* _DIRECTIONS_
Beginning with the line where "ME AND EM Resin" appears, restate each line word for word until the data ends. Pictures do not go in.

◇ ◇ ◇ ◇ ◇

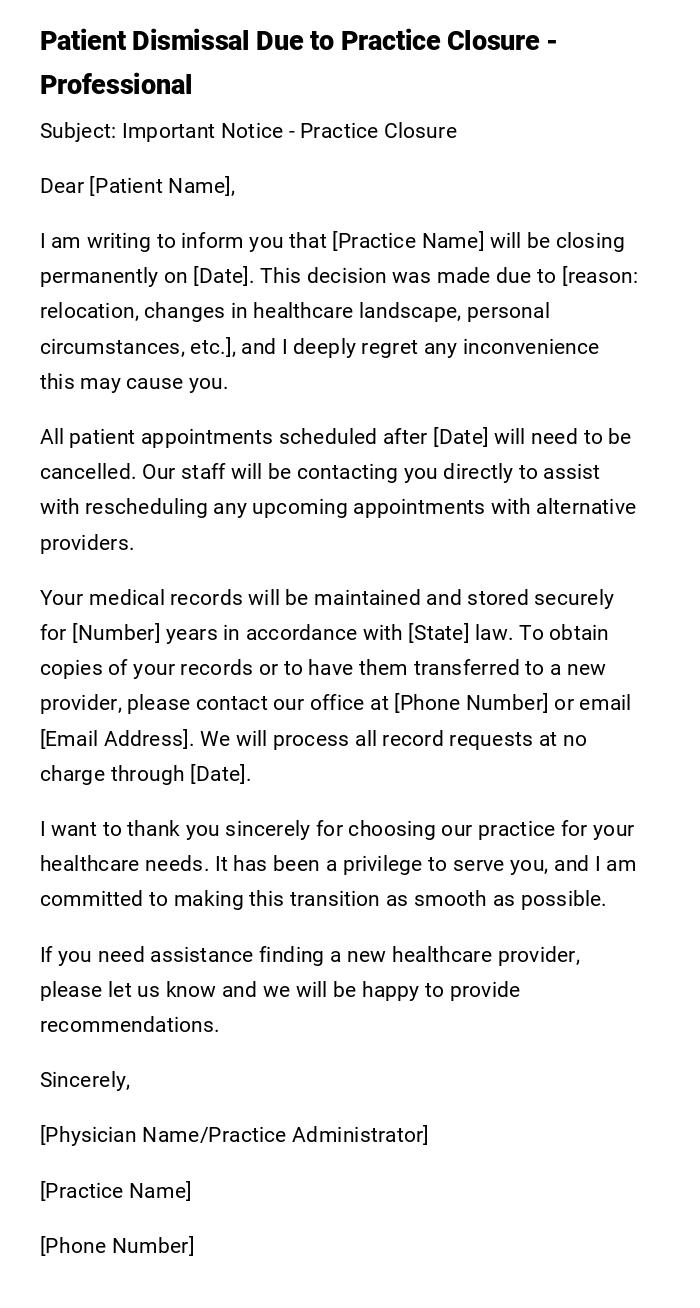 Patient Dismissal Due to Practice Closure - Professional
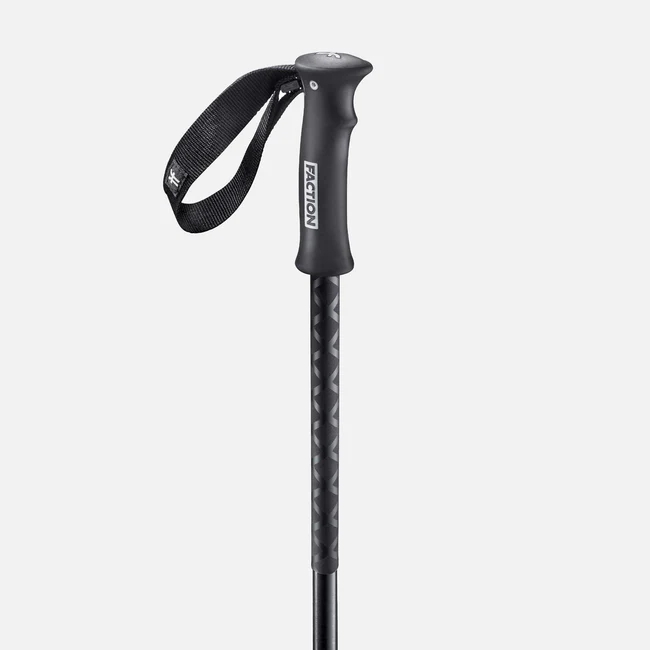 Black ski pole with Faction logo on a white background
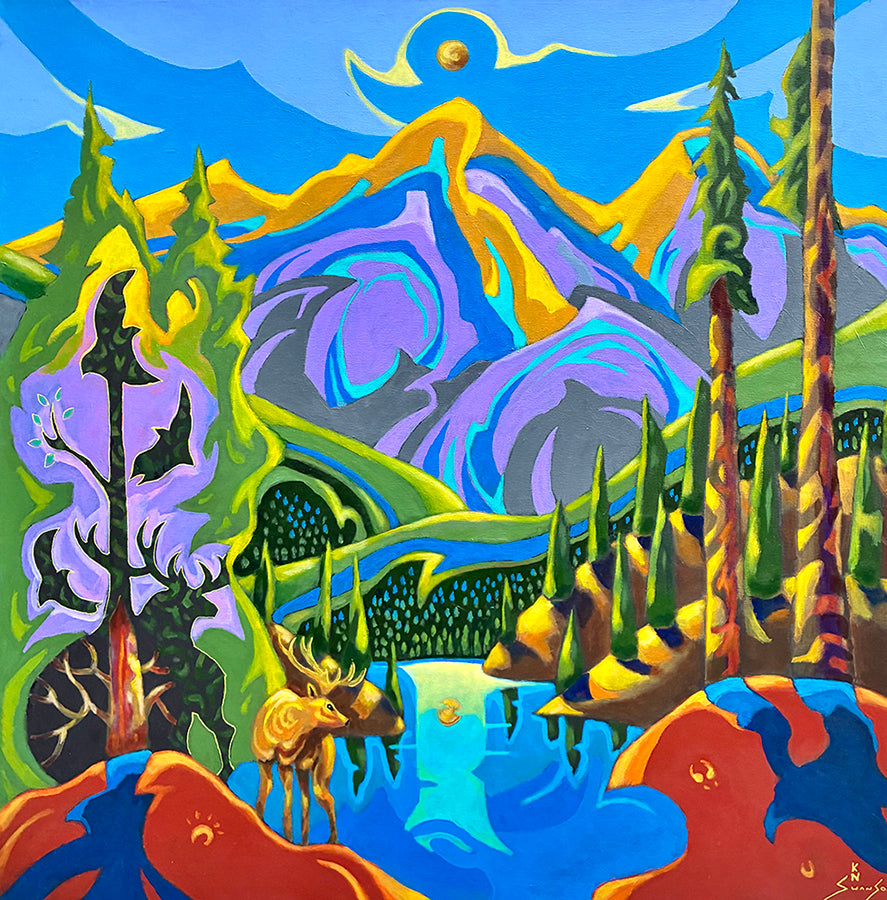 K Neil Swanson artwork 'VALLEY OF THE SHADOW ELK' at Canada House Gallery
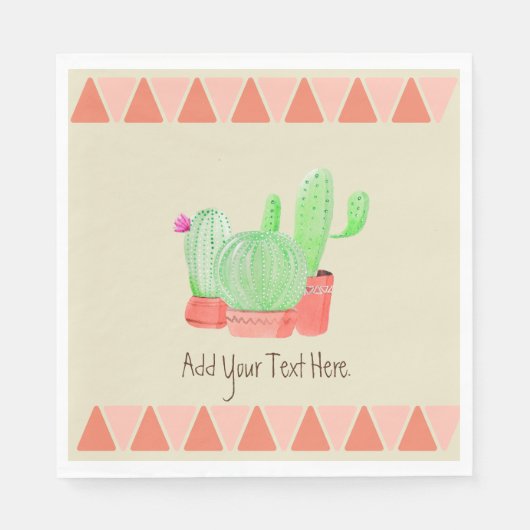 Een Cactus Trio papieren servet (Voorkant)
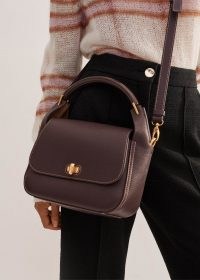 ME AND EM Resin Handle Crossbody Bag in Deep Merlot / dark purplish red leather bags / handbags for autumn 2024 / rich winter colours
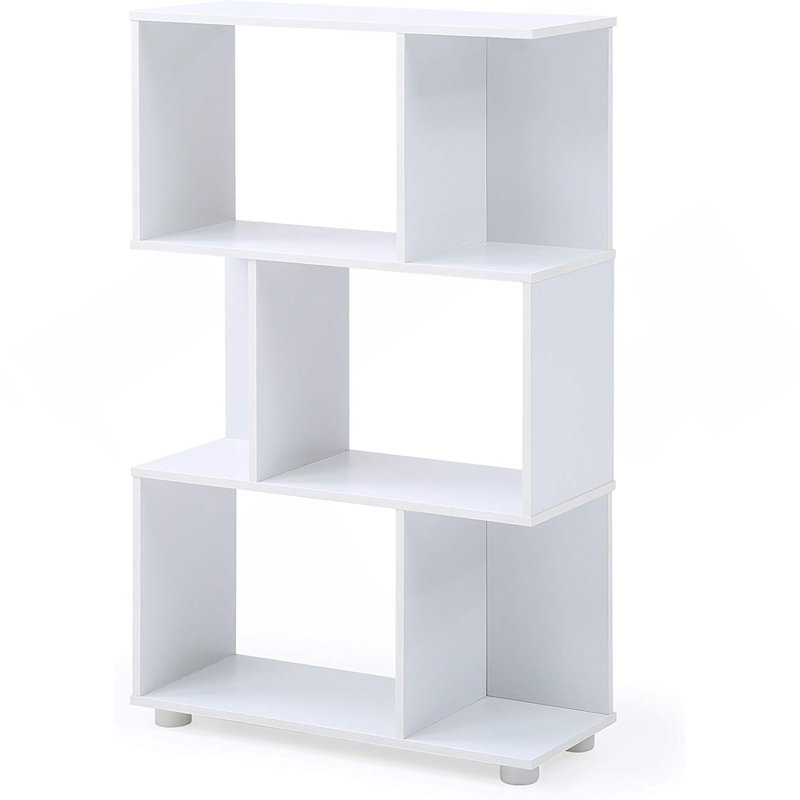 Bibliothèque manoir moderne à 3 tablettes décalées, blanc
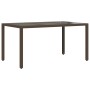 Brauner vidaXL Garten-Bistrotisch mit Glasplatte, Teil des 5-tlg Sets.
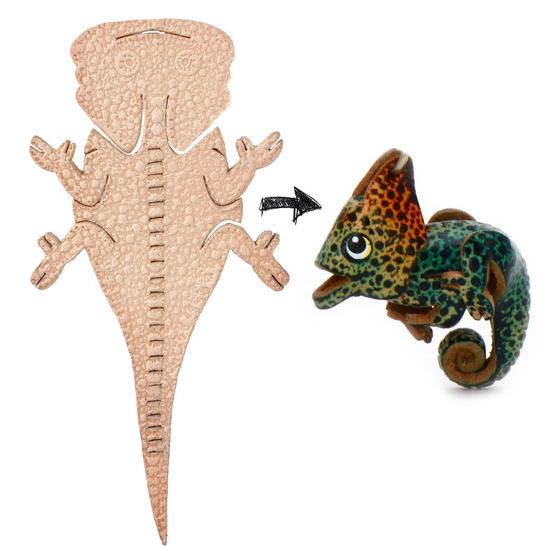 Auf dem Bild zu sehen ist eine Chamleon aus Leder zum selber basteln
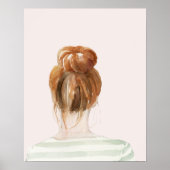 Red Hair Top Knot Bun Poster (Voorkant)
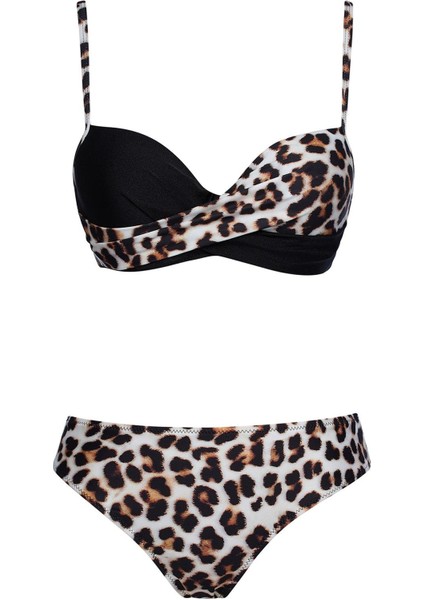 Kaplı Telli Balenli Bikini Takım
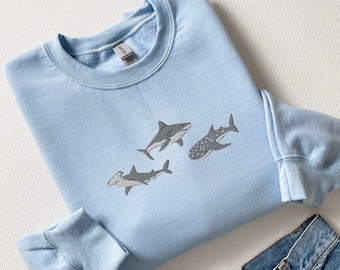 Embroidered Shark Sweatshirt, Marine Biology Ocean Gift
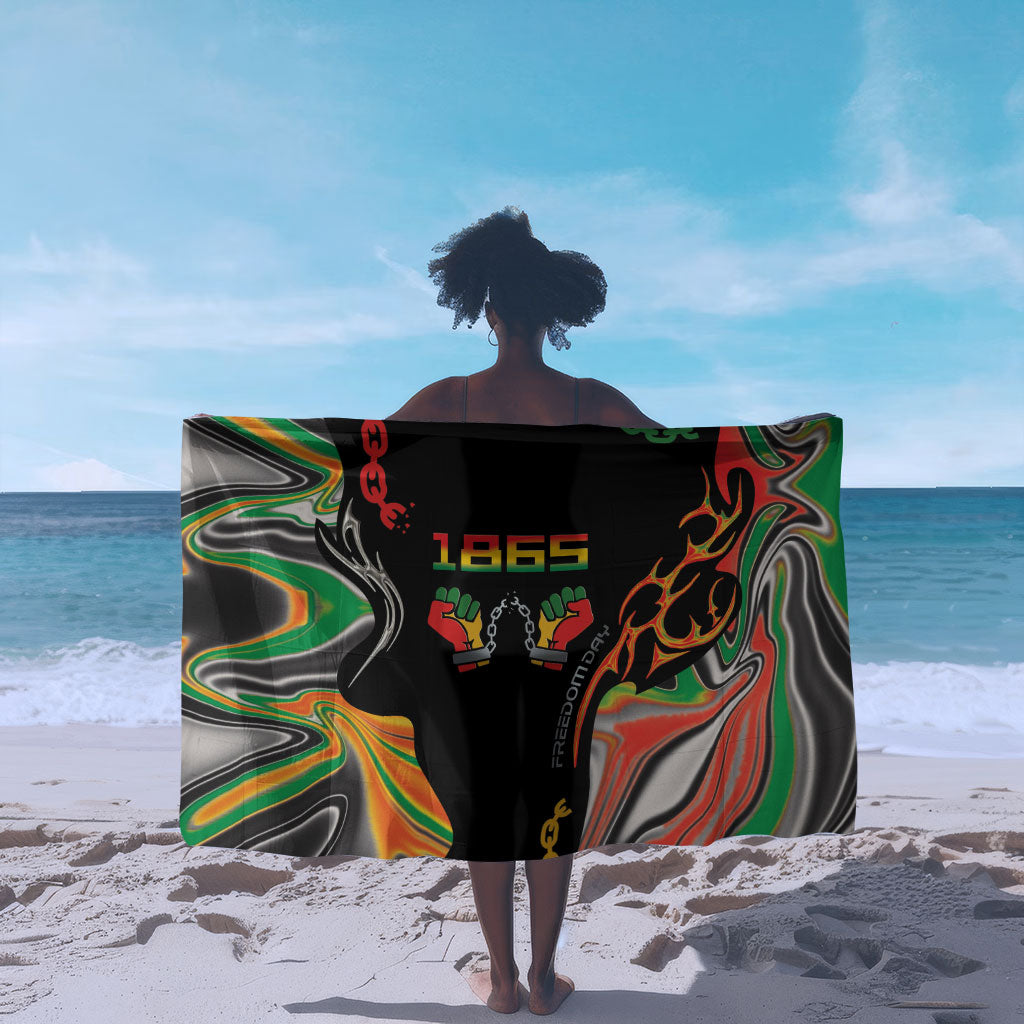 African Juneteenth Freedom Day 1865 Sarong Colors Liquid Marble With Broken Chains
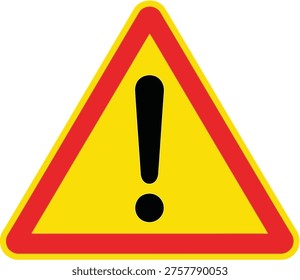 Warning sign with an exclamation mark inside a yellow triangle border Vector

◇ ◇ ◇ ◇ ◇

* _WRITTEN RESPONSE_
 ME AND EM Resin Handle Crossbody Bag in Deep Merlot / dark purplish red leather bags / handbags for autumn 2024 / rich winter colours
 Bibliothèque manoir moderne à 3 tablettes décalées, blanc
 Brauner vidaXL Garten-Bistrotisch mit Glasplatte, Teil des 5-tlg Sets.
 Auf dem Bild zu sehen ist eine Chamleon aus Leder zum selber basteln
 Red Hair Top Knot Bun Poster (Voorkant)
 Kaplı Telli Balenli Bikini Takım
 Embroidered Shark Sweatshirt, Marine Biology Ocean Gift
 African Juneteenth Freedom Day 1865 Sarong Colors Liquid Marble With Broken Chains
 Warning sign with an exclamation mark inside a yellow triangle border Vector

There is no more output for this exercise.